## What the task requires
The response should consist only of the lines from the one with "Hello, welcome back" to the end of the data below, copied exactly and without pictures.

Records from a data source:
▬▬▬
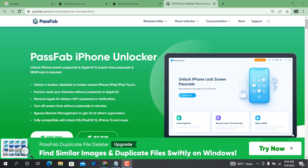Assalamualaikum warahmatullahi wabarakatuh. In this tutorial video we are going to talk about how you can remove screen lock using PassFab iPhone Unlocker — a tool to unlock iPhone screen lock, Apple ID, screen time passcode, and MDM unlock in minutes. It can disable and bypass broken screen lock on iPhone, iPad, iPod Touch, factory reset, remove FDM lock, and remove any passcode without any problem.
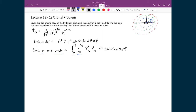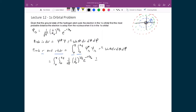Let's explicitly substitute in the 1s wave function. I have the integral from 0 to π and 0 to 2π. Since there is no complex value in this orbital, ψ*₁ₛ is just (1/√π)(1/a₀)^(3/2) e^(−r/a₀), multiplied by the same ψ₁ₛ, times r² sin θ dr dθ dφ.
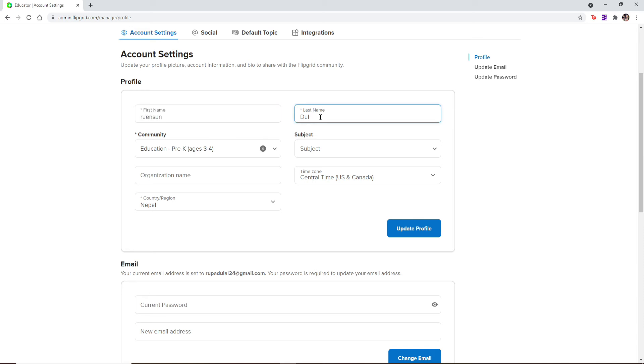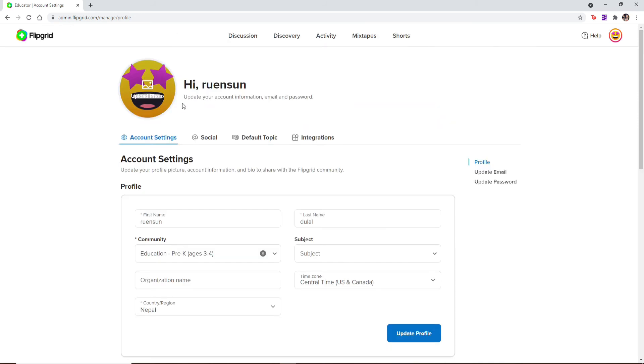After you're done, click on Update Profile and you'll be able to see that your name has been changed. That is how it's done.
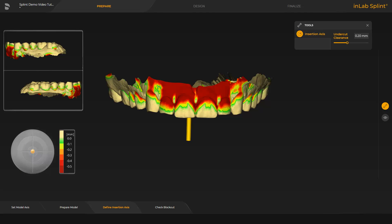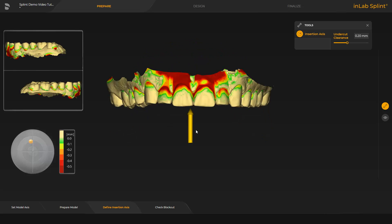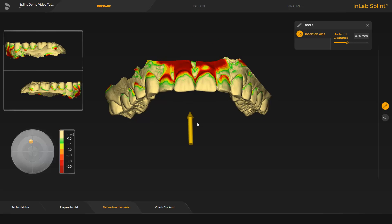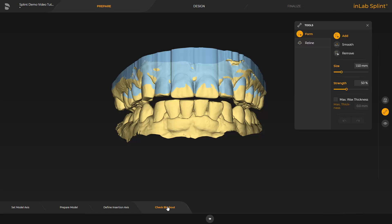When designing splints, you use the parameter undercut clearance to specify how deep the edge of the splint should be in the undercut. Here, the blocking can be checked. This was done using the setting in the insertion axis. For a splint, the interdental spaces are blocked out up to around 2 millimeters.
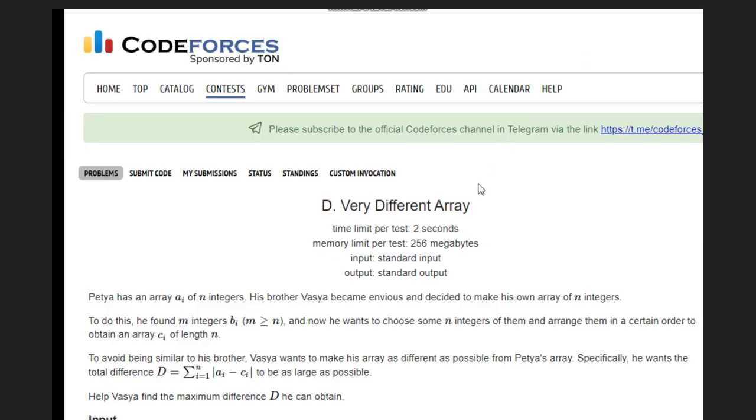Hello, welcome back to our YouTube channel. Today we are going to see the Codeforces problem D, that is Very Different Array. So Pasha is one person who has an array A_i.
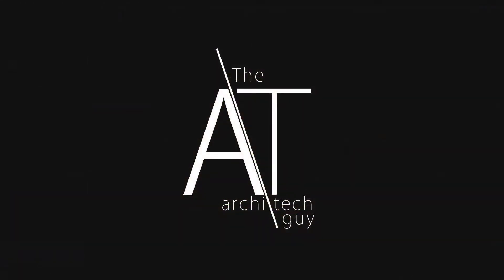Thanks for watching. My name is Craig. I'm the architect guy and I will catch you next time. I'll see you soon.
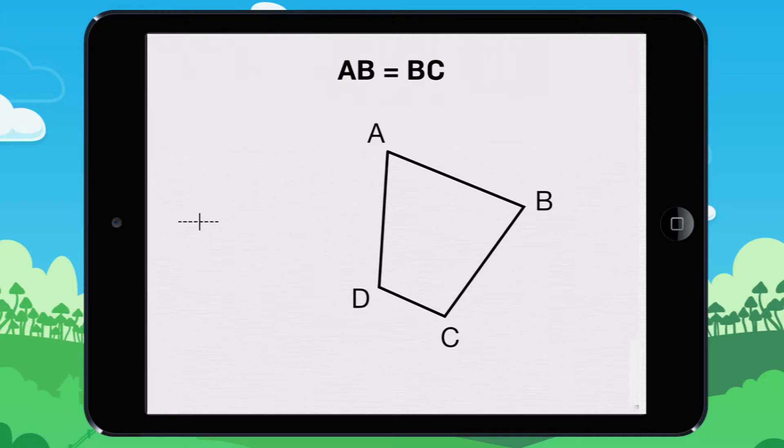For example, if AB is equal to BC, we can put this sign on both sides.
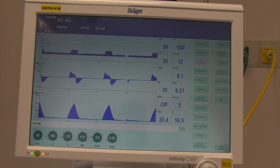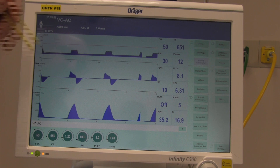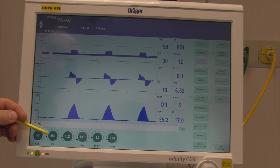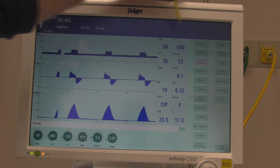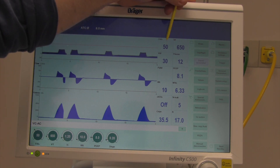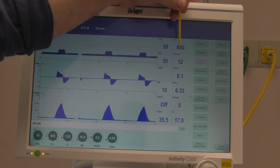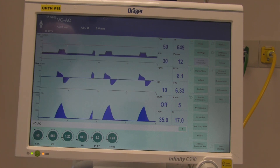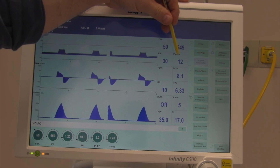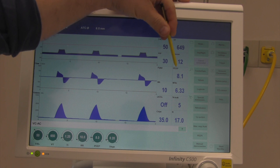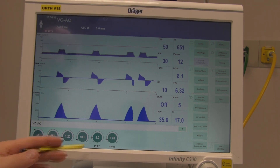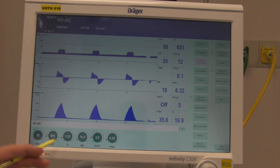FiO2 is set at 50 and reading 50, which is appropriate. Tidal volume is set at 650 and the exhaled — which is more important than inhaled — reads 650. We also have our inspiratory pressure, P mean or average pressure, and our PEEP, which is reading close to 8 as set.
▬▬▬
## Answer
Hello, welcome back to our YouTube channel. Today we are going to see the Codeforces problem D, that is Very Different Array. So Pasha is one person who has an array A_i.
Thanks for watching. My name is Craig. I'm the architect guy and I will catch you next time. I'll see you soon.
For example, if AB is equal to BC, we can put this sign on both sides.
FiO2 is set at 50 and reading 50, which is appropriate. Tidal volume is set at 650 and the exhaled — which is more important than inhaled — reads 650. We also have our inspiratory pressure, P mean or average pressure, and our PEEP, which is reading close to 8 as set.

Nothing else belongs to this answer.